● **What the exercise asks**
What you print must match the data line for line.

● **Given material**

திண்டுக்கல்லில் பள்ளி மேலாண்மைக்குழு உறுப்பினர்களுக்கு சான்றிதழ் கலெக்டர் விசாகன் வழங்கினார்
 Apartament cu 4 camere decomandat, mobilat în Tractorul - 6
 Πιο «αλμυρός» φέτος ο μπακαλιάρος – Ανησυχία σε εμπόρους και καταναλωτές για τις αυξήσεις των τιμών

● **The completed task**
திண்டுக்கல்லில் பள்ளி மேலாண்மைக்குழு உறுப்பினர்களுக்கு சான்றிதழ் கலெக்டர் விசாகன் வழங்கினார்
 Apartament cu 4 camere decomandat, mobilat în Tractorul - 6
 Πιο «αλμυρός» φέτος ο μπακαλιάρος – Ανησυχία σε εμπόρους και καταναλωτές για τις αυξήσεις των τιμών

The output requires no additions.